• **Data shown**:
▽

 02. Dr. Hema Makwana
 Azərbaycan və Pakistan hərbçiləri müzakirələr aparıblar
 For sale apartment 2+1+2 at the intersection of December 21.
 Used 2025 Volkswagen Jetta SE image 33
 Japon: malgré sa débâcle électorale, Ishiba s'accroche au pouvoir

△
▽

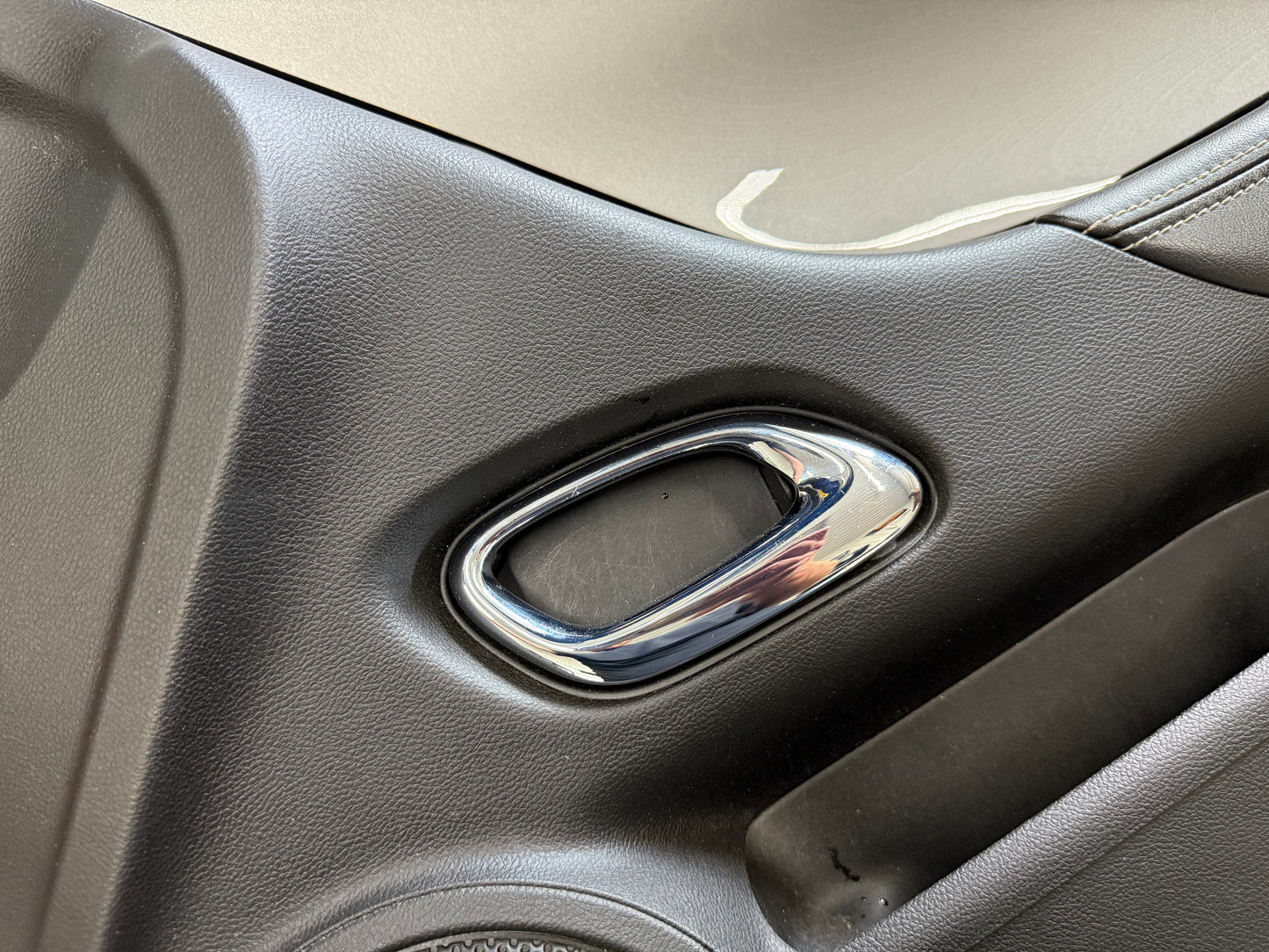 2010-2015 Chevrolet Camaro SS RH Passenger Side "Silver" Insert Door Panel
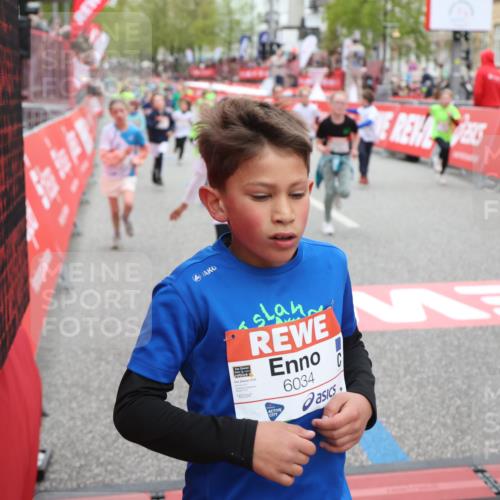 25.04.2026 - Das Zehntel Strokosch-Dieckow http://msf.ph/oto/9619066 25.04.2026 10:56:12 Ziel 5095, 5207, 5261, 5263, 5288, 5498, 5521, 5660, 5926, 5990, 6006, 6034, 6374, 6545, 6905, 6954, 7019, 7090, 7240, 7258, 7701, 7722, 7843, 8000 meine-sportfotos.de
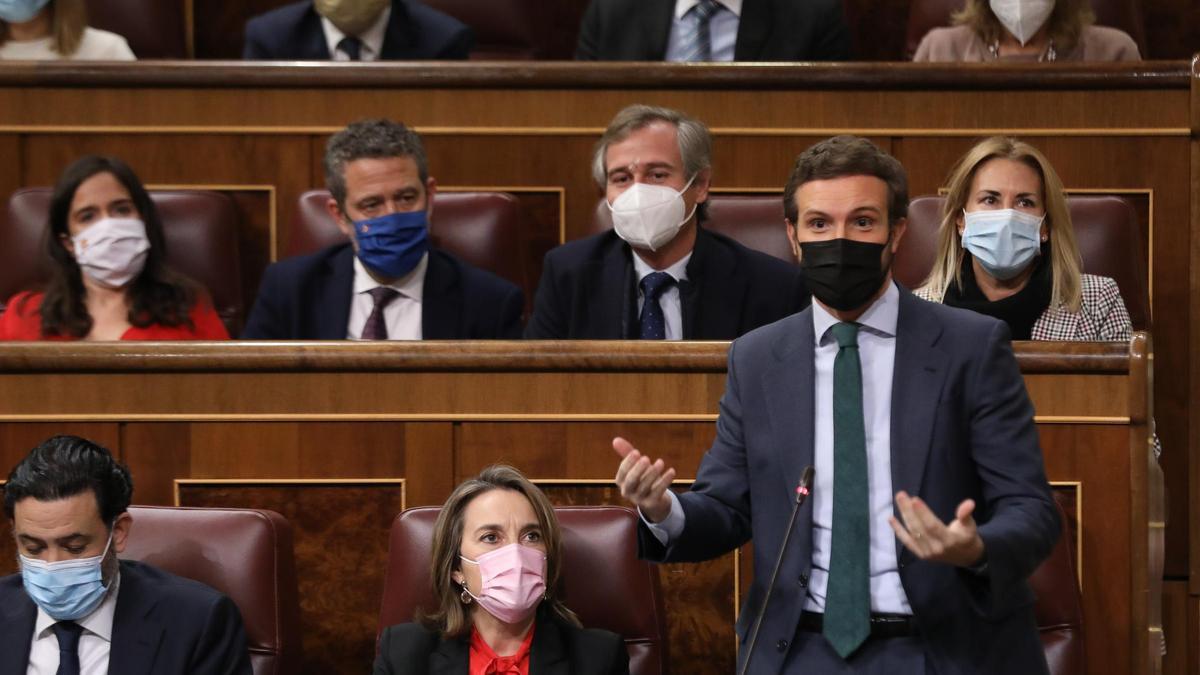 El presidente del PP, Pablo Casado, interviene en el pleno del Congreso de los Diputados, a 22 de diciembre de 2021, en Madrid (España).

△
▽

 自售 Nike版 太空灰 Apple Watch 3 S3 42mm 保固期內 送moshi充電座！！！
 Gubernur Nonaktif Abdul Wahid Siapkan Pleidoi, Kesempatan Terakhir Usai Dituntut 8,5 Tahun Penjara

△

• **Task objective**: Return only the stretch above from the line containing "2010-2015 Chevrolet Camaro" through the line containing "El presidente del", word for word and without pictures.

• **Answer section**:
 2010-2015 Chevrolet Camaro SS RH Passenger Side "Silver" Insert Door Panel
 25.04.2026 - Das Zehntel Strokosch-Dieckow http://msf.ph/oto/9619066 25.04.2026 10:56:12 Ziel 5095, 5207, 5261, 5263, 5288, 5498, 5521, 5660, 5926, 5990, 6006, 6034, 6374, 6545, 6905, 6954, 7019, 7090, 7240, 7258, 7701, 7722, 7843, 8000 meine-sportfotos.de
 El presidente del PP, Pablo Casado, interviene en el pleno del Congreso de los Diputados, a 22 de diciembre de 2021, en Madrid (España).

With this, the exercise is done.